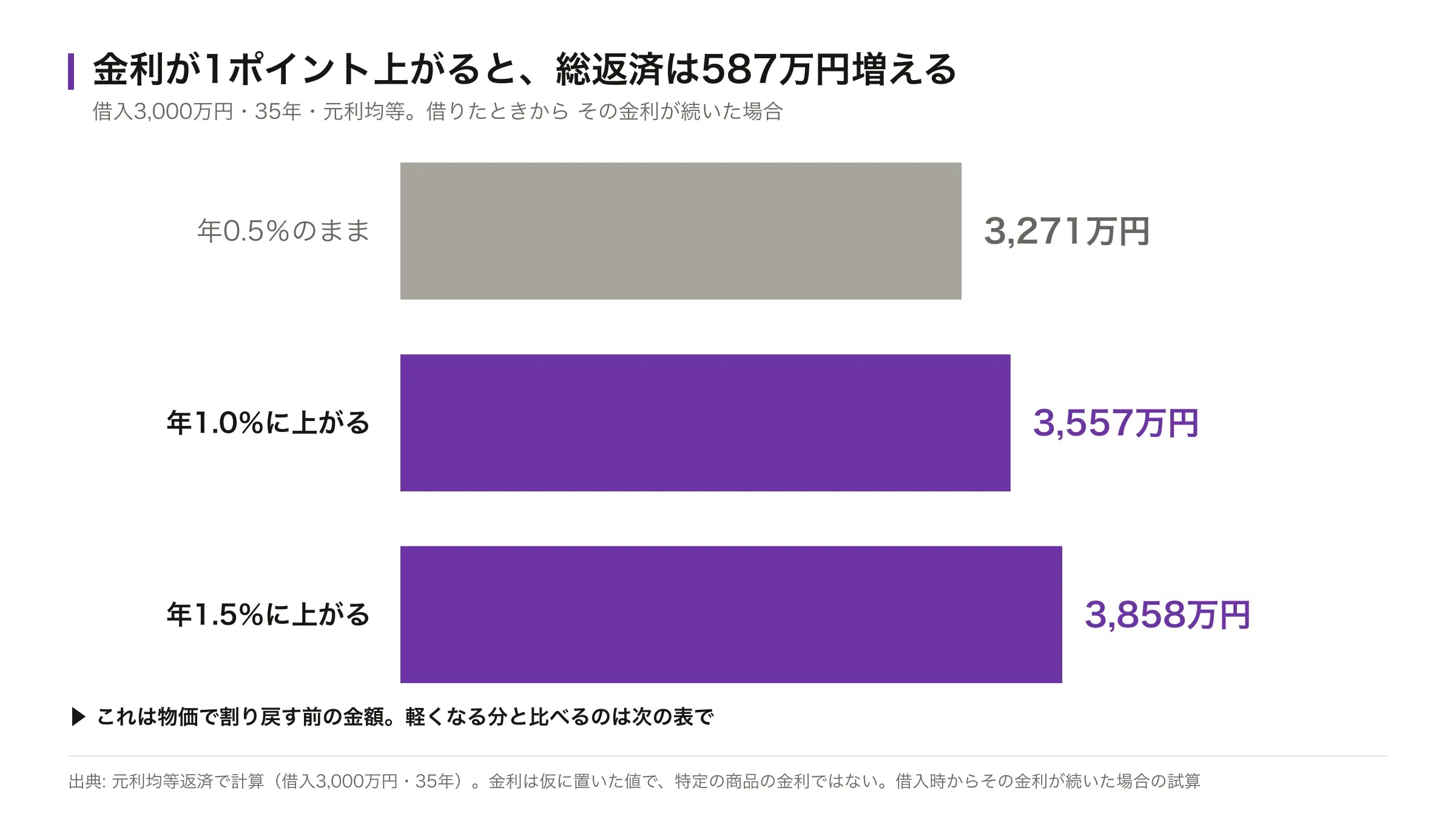 借入3,000万円・35年の総返済額。年0.5%で3,271万円、年1.0%で3,557万円、年1.5%で3,858万円を示した横棒グラフ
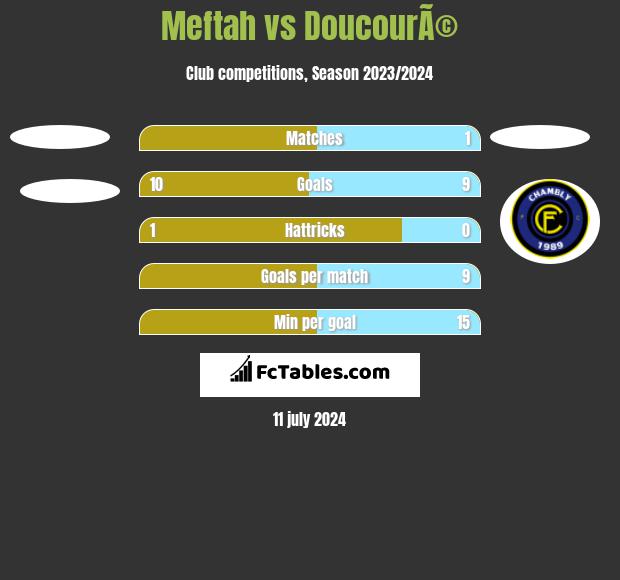 Meftah vs DoucourÃ© h2h player stats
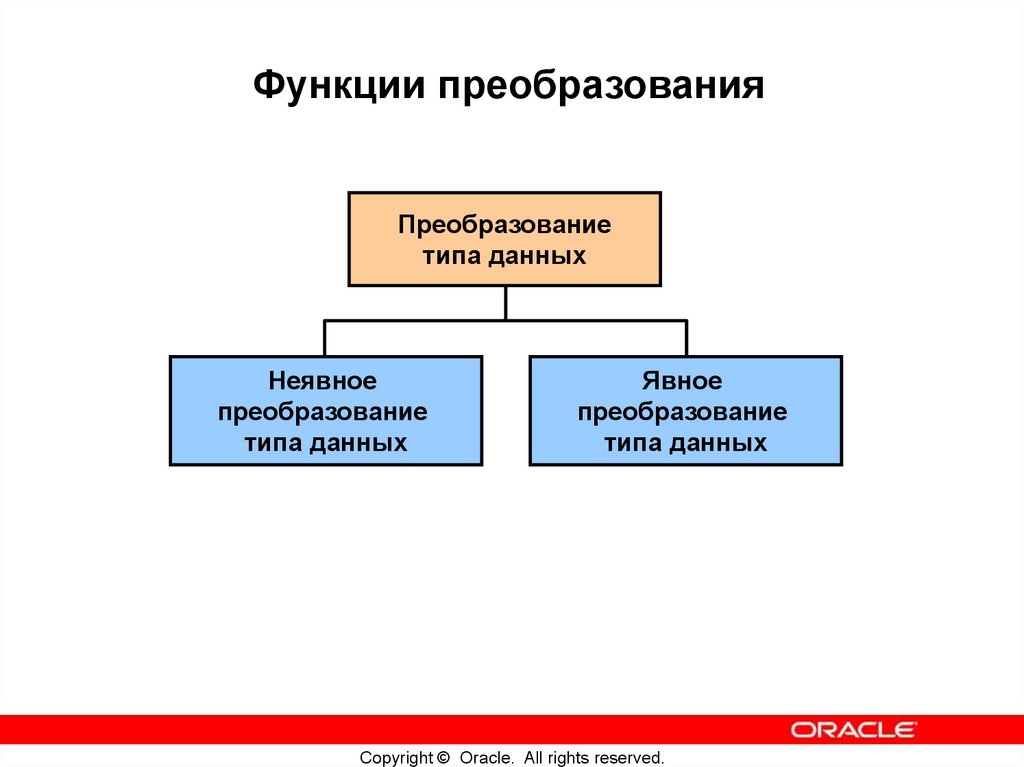 Использование функций для работы с датами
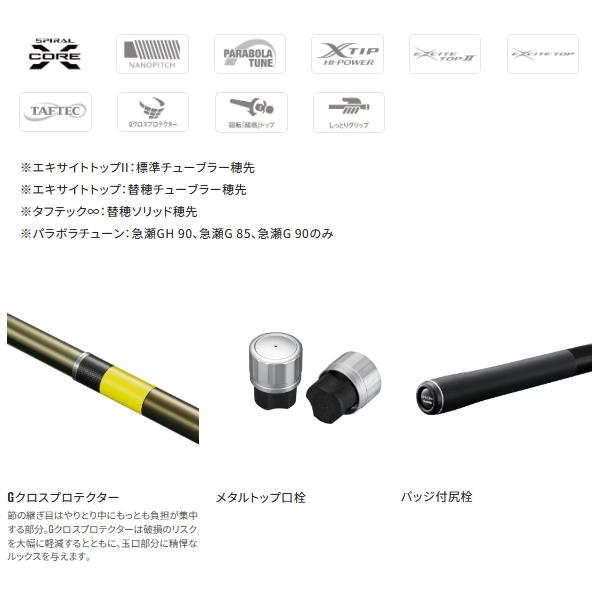 シマノ（SHIMANO） （26年1月新商品） 26 スペシャル トリプルフォース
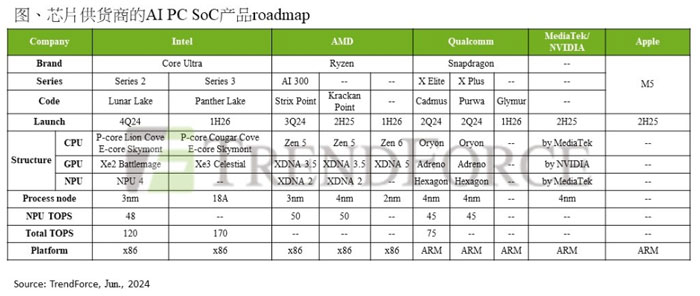ƶCSPsԵAIչ2025NB DRAM ƽٴ7%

| Exercise aim |
Leaving the pictures aside, transcribe only the lines from the one containing "シマノ（SHIMANO） （26年1月新商品） 26 スペシャル トリプルフォース" to the final line of the listing above, inclusive, exactly as they appear.

| Task answer |
 シマノ（SHIMANO） （26年1月新商品） 26 スペシャル トリプルフォース
ƶCSPsԵAIչ2025NB DRAM ƽٴ7%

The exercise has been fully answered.